It is not a deal-breaker but if you have ever watched a youtube game streamer you will understand what I mean. The picture quality isn’t native as your local hardware renders it. It renders in the cloud but then it gets converted to a video stream with a video codec that introduces certain artifacts. Once you are invested in the gameplay this will probably not bother you. However, side-by-side comparisons to local rendering show a clear benefit of your hardware investment.
I did not test Sony PlayStation Now simply because I could not get it to work in my unsupported country (Croatia). It’s a service mostly designed to mitigate the inability of the PS4 and PS5 to run PS3 games, so most of the games on that service are PS3 games. And yes, I said most. Not all. To me, it feels like a replacement for backward compatibility more than anything else.
- xCloud is a good EXTENSION to your current Xbox set-up if you are in a supported country. I cannot say anything positive regarding latency, because I have personally had only bad experiences with it. In talking to the people from the UK and the USA I am hearing many mostly positive reactions.
- Stadia is a brilliant alternative platform that has the potential to take on all of the competition on its own. Its biggest barrier is acquiring a large enough game library. Frankly, its library is sorely lacking at the moment. Technically it functions really well and I have trouble finding bad words for it. My only wish is the introduction of the Android TV app. After all, why should I need to buy the Chromecast hardware already built into my TV?
- GeForce Now technically behaves the best. The ability to have your purchases on the three leading PC launchers so you can cross-save with your PC is perfect. The fact that GOG platform is supported is a big plus. Especially since GOG is a DRM-free platform.

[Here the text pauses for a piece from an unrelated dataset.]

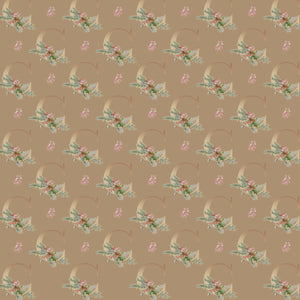 Monograms - Letter C | Kraft Wrapping Paper | Waterleaf Paper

I do not see cloud-gaming technologies replacing locally owned hardware any time soon. I do see it becoming a viable alternative and even an addition to our gaming habits. These platforms are here today, and they already work. Sure, you can always argue that your games might become unavailable if your Internet connection dies or you reach your data-cap. Be lets be honest though – you said the same thing about Netflix a few years ago, didn’t you? Besides, I firmly believe that your Internet services provider will sign the contract with one of these cloud-gaming services soon enough. You will be offered unlimited data exclusively for your gameplay, so it doesn’t count against your cap. That sounds like quite the future to me.